An exact transcription of each entry below is required, without any pictures.

[Dataset entries]
□ □ □ □
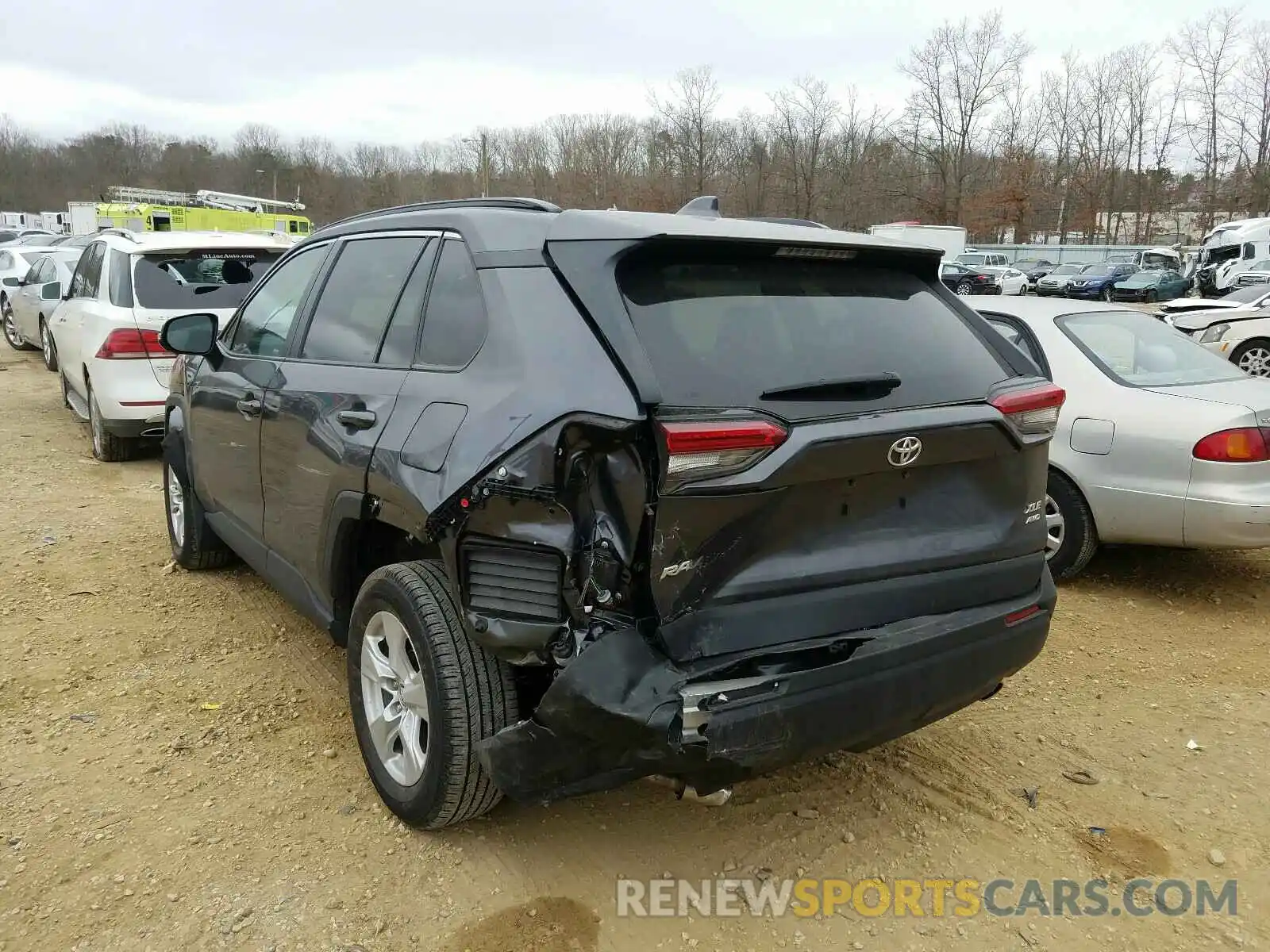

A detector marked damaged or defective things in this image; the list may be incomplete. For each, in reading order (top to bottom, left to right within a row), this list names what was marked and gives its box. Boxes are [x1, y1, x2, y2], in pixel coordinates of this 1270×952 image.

broken rear light housing [660, 421, 787, 487]
broken rear light housing [985, 383, 1067, 439]
exposed wheel well [333, 523, 447, 650]
damaged rear bumper [475, 574, 1051, 807]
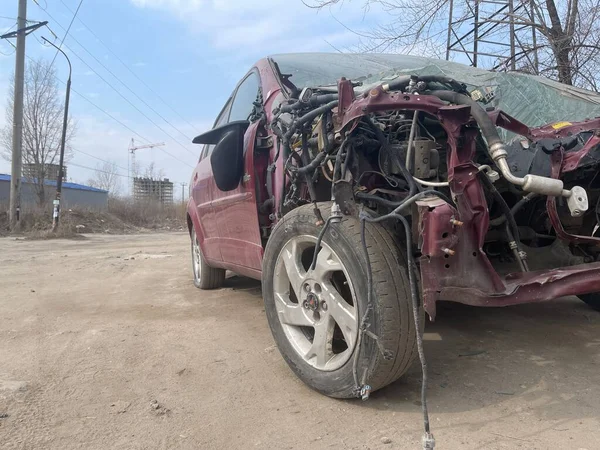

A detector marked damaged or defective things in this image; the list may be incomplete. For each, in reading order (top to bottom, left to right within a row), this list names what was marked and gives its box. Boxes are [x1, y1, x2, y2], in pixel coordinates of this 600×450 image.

wrecked red car [185, 53, 600, 404]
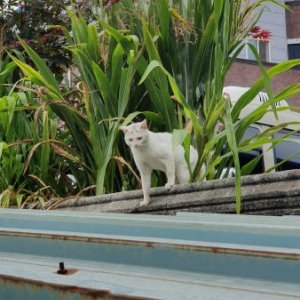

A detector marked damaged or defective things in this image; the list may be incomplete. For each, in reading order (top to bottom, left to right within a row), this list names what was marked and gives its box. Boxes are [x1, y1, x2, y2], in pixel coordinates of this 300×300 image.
□ □ □ □
* _ANSWER TO THIS PROBLEM_:
A detector marked damaged or defective things in this image; the list may be incomplete. For each, in reading order (top to bottom, left to right within a row), this list names what was marked and gives its box. Boxes are [x1, y1, x2, y2], in pixel coordinates of this 1270×952 image.

broken rear light housing [660, 421, 787, 487]
broken rear light housing [985, 383, 1067, 439]
exposed wheel well [333, 523, 447, 650]
damaged rear bumper [475, 574, 1051, 807]

A detector marked damaged or defective things in this image; the list may be incomplete. For each, in reading order (top to bottom, left to right within a row), this list names what was marked and gives its box. Boxes are [x1, y1, x2, y2], in pixel coordinates of this 600×450 image.

wrecked red car [185, 53, 600, 404]

A detector marked damaged or defective things in this image; the list may be incomplete. For each, in reading order (top to bottom, left to right within a row), this list names what was marked and gives its box. Boxes are [x1, y1, x2, y2], in pixel coordinates of this 300×300 image.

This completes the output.